2. Las crisis de las postrimerías del siglo XX venezolano
La última década del siglo XX venezolano transcurrió signada por un conjunto de crisis3 de diversa naturaleza, entre las que destacan: el colapso del pacto de Punto Fijo, constituido como acuerdo de gobernabilidad democrática entre los principales factores políticos que estructuraron lo que Alan Brewer-Carías (2008)4 define como el Estado democrático centralizado de partidos (1945-1998); este colapso entendido, como desarticulación estructural del sistema político-partidista, generó a su vez, la crisis de las instituciones públicas, que para el momento ya no contaban con la confianza popular, dado que eran incapaces de desempeñar su rol central, que es, la gestión y resolución de los conflictos socio-políticos que aquejaban a la ciudadanía, ya que habían sido penetradas por un corrupto sistema clientelar que procuraba monopolizar la mayoría de los beneficios materiales emanados del Estado, para aprovechamiento de la camarilla dirigente de los partidos políticos dominantes y sus afiliados (AD y COPEI).
Aunada a las crisis institucional y de gobernabilidad estaba también la crisis del modelo económico que se había iniciado desde 1983, con el llamado viernes negro, la cual evidenciaba, entre otras cosas, que el Estado rentista y paternalista ya no era capaz de garantizar niveles aceptables de bienestar colectivo, en tanto, desde la década de los 80 comienzan a incrementarse la pobreza y la pobreza extrema, desembocando en una dinámica de marginación y exclusión de gran número de familias venezolanas de escasos recursos, a la par del debilitamiento progresivo de la clase media. En este orden de ideas Arturo Uslar Pietri (2001:302) expone:
Los gobiernos salidos de tendencia popular, en particular el Comité de Organización Política Electoral Independiente (COPEI) demócrata cristiano (...) o socializante como Acción Democrática (AD), social demócrata, que han acaparado de manera determinante la vida nacional desde la caída de la dictadura de Marcos Pérez Jiménez, en 1958, se han servido de la inmensa riqueza petrolera para corromper el país por medio de un sistema de subsidios, dones, prebendas, excepciones fiscales y privilegios.

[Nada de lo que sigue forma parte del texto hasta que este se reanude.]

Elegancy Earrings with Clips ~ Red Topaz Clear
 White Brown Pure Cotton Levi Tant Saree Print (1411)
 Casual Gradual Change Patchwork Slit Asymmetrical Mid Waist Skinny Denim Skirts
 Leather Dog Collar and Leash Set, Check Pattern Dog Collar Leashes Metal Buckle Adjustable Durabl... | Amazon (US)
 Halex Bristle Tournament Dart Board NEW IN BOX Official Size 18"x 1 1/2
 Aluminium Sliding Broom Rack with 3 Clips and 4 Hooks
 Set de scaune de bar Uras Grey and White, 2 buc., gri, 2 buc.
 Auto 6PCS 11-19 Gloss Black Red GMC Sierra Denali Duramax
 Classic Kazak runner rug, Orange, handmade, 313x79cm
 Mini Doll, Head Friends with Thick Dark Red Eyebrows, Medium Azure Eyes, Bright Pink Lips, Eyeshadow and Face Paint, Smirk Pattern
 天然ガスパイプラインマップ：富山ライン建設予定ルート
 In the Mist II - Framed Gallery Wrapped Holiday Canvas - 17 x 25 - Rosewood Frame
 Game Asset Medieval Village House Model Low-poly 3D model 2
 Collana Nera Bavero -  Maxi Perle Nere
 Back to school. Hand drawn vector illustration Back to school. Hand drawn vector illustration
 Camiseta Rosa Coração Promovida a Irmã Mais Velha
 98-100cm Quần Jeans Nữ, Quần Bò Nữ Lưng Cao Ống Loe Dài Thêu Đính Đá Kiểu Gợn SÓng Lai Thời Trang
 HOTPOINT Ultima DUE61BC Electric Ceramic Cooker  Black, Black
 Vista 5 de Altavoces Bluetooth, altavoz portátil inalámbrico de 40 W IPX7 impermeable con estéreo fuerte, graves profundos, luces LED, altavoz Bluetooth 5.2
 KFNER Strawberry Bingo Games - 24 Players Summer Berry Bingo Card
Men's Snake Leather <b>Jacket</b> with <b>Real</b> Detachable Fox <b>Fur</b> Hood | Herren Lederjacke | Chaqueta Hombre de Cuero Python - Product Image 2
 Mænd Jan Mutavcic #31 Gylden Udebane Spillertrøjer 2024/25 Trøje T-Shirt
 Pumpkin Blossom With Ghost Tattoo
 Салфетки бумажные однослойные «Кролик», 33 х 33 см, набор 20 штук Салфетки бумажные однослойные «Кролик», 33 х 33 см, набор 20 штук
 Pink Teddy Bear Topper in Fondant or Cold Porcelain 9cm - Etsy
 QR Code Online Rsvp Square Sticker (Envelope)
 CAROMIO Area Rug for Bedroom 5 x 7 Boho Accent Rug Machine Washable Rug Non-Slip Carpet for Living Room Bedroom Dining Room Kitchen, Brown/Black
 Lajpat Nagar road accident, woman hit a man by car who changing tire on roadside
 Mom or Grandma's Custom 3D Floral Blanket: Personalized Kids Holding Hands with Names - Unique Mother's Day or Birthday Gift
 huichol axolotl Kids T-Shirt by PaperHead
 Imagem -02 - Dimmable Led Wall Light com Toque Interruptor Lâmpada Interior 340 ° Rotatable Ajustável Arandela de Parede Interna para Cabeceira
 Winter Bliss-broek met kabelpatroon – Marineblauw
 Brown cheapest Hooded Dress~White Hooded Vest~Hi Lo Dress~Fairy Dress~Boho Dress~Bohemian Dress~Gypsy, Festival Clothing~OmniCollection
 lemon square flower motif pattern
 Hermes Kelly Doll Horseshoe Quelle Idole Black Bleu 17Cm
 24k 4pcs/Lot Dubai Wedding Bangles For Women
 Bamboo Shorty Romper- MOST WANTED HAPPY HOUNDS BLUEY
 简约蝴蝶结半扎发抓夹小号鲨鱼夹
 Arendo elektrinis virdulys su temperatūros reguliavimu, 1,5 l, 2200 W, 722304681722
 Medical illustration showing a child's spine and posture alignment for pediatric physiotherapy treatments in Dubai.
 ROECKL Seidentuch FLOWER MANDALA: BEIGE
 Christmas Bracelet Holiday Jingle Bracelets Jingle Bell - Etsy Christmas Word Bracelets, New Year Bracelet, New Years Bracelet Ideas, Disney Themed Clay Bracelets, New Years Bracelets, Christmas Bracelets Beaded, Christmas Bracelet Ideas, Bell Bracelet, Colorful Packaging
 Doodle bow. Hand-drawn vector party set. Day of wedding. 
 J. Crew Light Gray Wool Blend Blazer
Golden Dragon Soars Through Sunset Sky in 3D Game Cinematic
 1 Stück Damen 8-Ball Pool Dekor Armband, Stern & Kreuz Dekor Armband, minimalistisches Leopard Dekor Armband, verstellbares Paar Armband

Se han dilapidado sumas gigantescas en proyectos megalómanos e inútiles. Por si esto no fuera suficiente se contrajeron enormes deudas con bancos extranjeros, prestatarios de un monto equivalente al 60 por 100 del producto interior bruto (que era, en 1997, de 50.000 millones de dólares y la deuda exterior se elevaba a 37.000 millones de dólares).
El descontento popular sumado a la articulación dialéctica de las diversas crisis desembocó en la insurrección social de 1989 (el caracazo) y las dos intentonas de golpes de Estado de 1992 (4 de febrero y 27 de noviembre respectivamente), las cuales compartían el haber insurgido para erradicar los vicios y contradicciones del sistema político venezolano de fin de siglo, aunque carecían de la formulación de un proyecto nacional viable y democrático.
En este contexto, el segundo Gobierno del Dr. Rafael Caldera (1994-1999) que marcó el fin del periodo de predominio de los civiles en el poder, tuvo que hacer frente a estas crisis estructurales, con los pocos recursos económicos y políticos que contaba. Caldera pudo captar el descontento popular existente en la mayoría del país, y creó una expectativa de rehabilitación del sistema político nacional y mejoras sustanciales en términos de calidad de vida, y se hizo acompañar desde los inicios de su campaña por un conjunto de pequeños partidos políticos, a manera de plataforma electoral, que se denominaban el Chiripero, diferenciados de los partidos políticos tradicionales y hegemónicos.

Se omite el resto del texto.